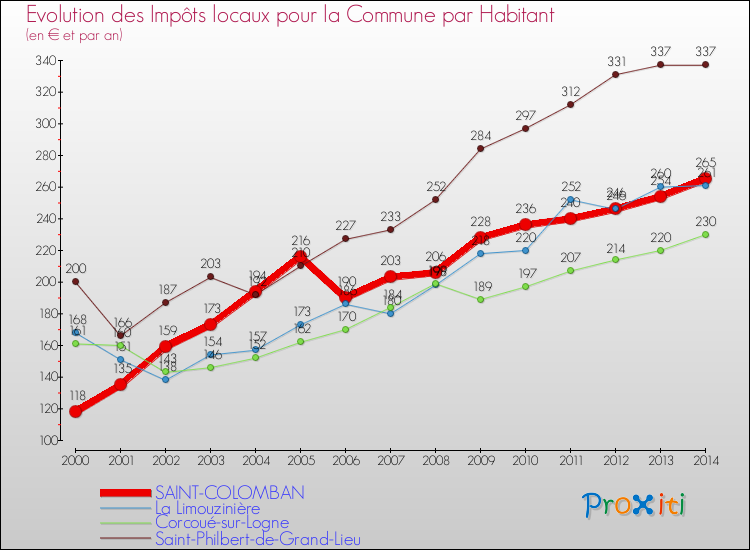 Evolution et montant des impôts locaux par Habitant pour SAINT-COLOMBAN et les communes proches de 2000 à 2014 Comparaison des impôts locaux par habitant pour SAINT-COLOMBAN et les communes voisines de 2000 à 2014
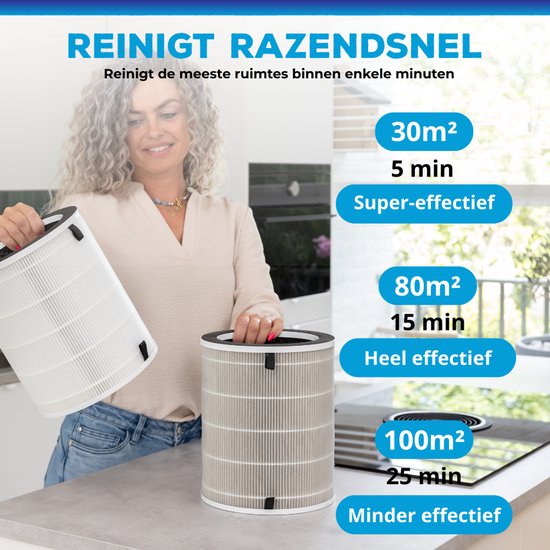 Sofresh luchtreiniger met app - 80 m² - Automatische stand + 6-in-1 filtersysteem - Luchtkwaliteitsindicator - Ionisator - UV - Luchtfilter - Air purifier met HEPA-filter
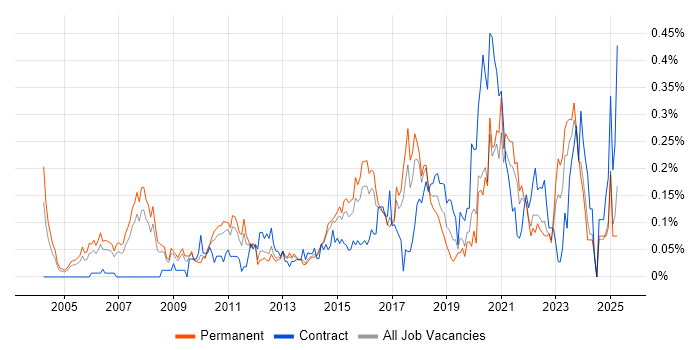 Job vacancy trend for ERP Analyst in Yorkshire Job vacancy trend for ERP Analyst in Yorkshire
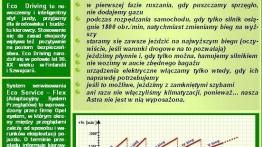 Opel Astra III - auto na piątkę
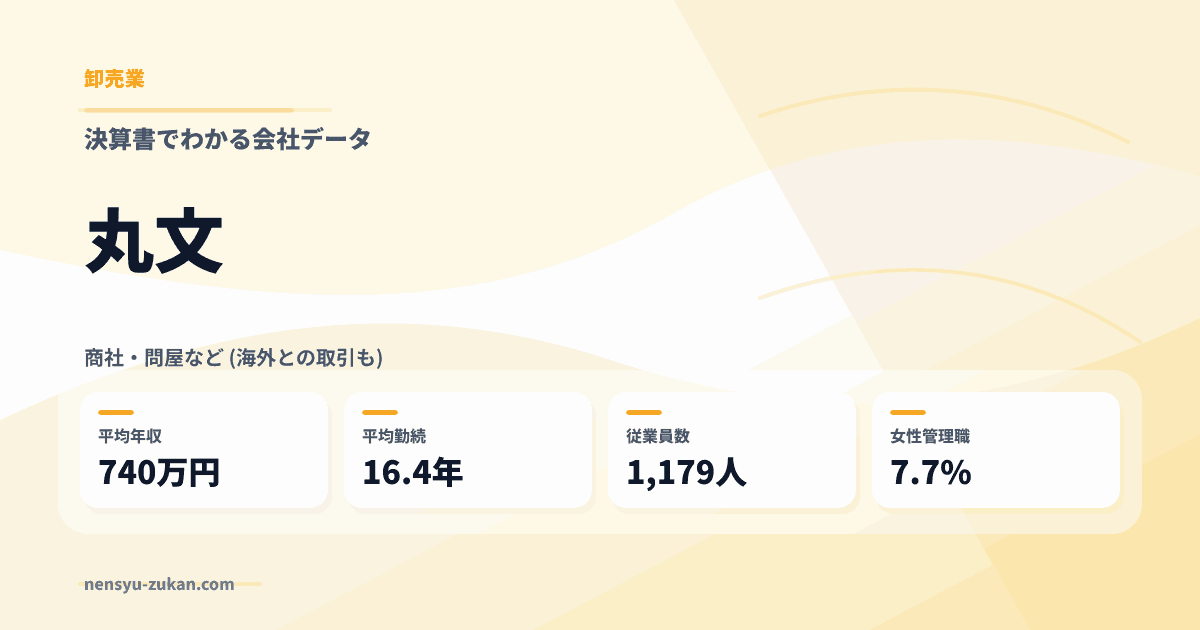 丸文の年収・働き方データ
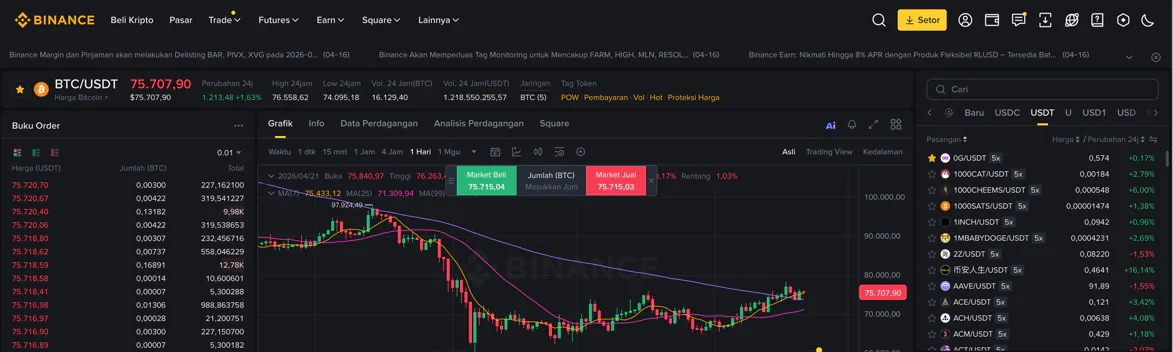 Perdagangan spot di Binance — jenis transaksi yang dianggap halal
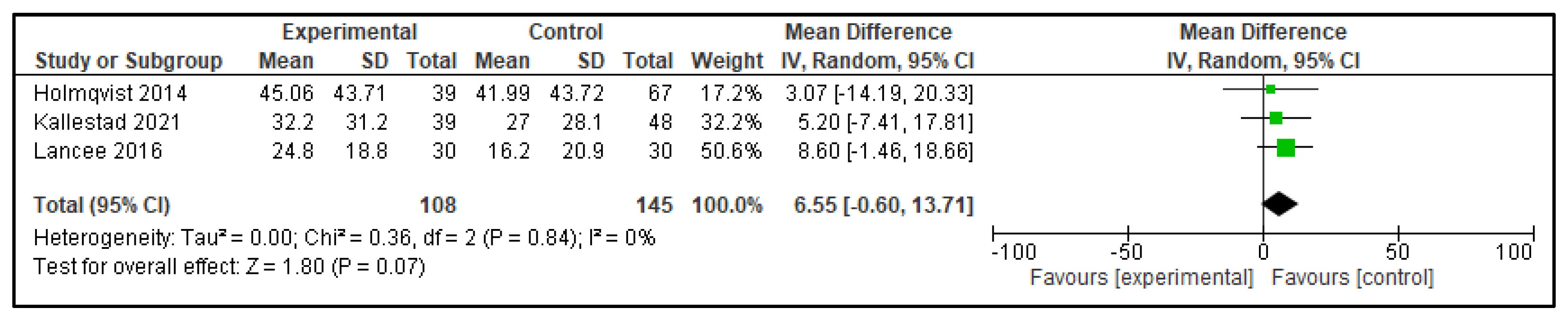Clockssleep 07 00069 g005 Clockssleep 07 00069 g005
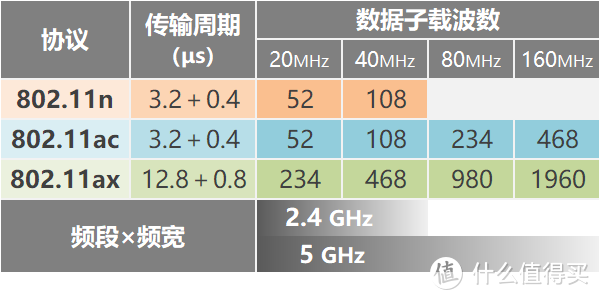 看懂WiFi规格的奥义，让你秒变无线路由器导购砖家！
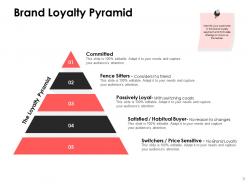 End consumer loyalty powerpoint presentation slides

|---|

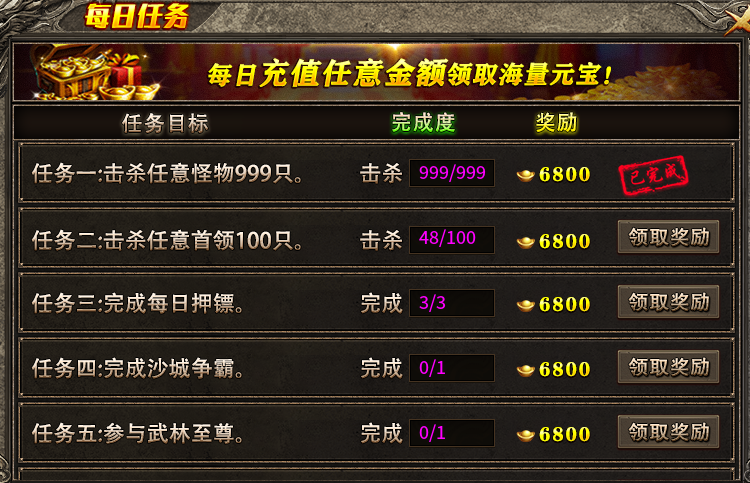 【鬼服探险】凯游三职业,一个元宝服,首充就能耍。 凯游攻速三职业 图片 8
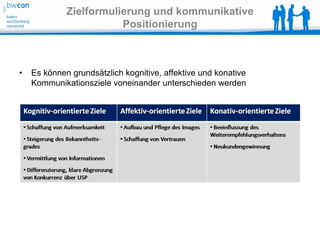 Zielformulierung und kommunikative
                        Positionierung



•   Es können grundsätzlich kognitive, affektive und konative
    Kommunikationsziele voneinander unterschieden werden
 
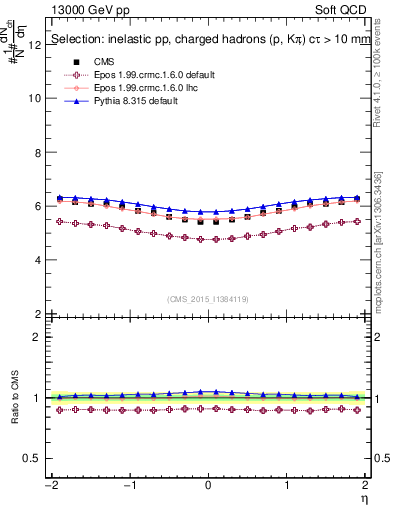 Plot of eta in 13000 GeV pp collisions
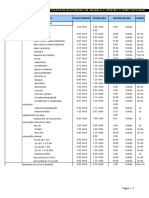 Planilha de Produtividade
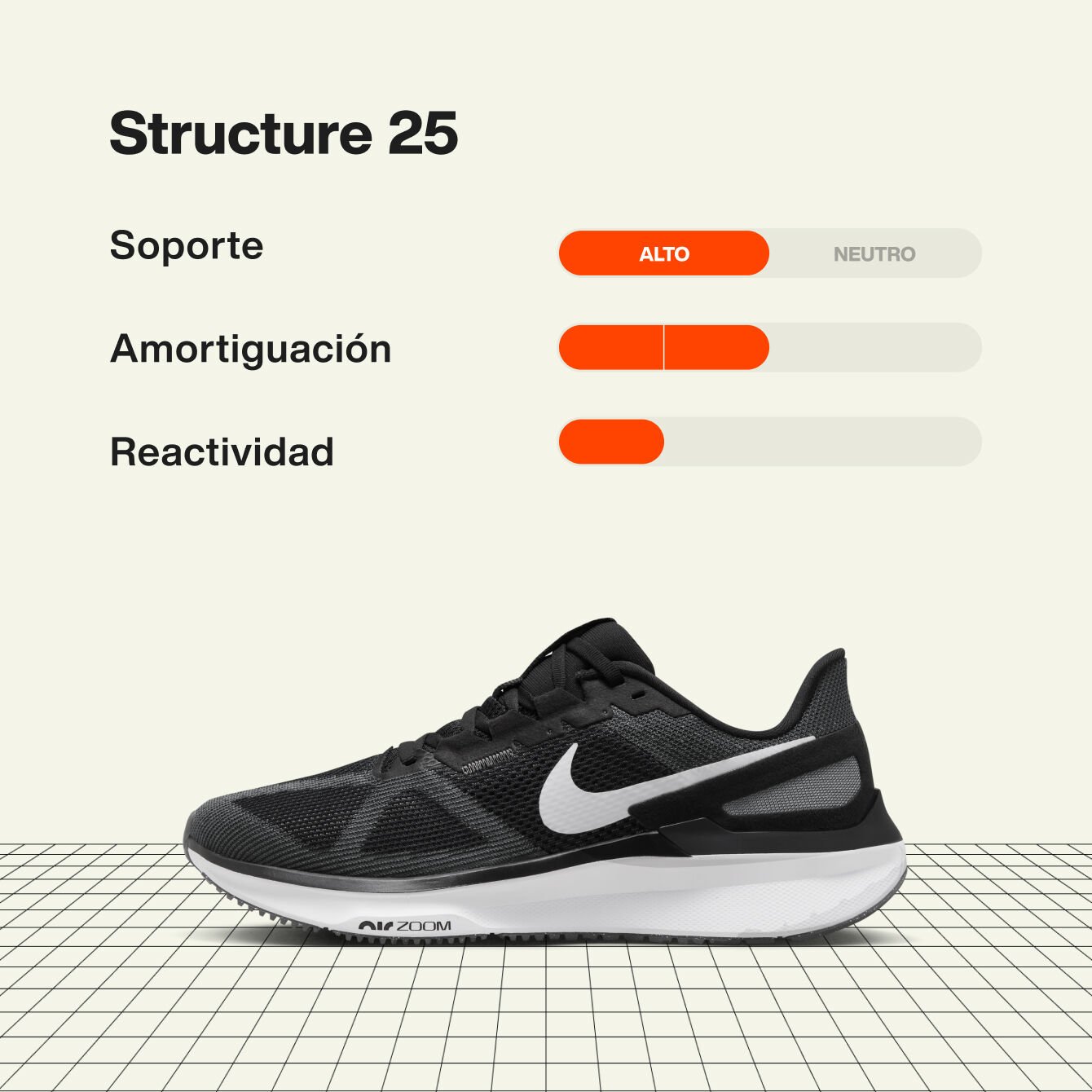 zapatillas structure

|---|

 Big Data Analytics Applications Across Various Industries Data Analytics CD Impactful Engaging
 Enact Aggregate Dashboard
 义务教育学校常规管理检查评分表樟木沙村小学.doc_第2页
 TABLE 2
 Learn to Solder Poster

|---|

- [ACTIVITY]
From the listing above, restate verbatim the lines running from the one with "丸文の年収・働き方データ" through the one with "End consumer loyalty", inclusive, but not the pictures.

- [ANSWER FOR THIS EXERCISE]
 丸文の年収・働き方データ
 Perdagangan spot di Binance — jenis transaksi yang dianggap halal
Clockssleep 07 00069 g005 Clockssleep 07 00069 g005
 看懂WiFi规格的奥义，让你秒变无线路由器导购砖家！
 End consumer loyalty powerpoint presentation slides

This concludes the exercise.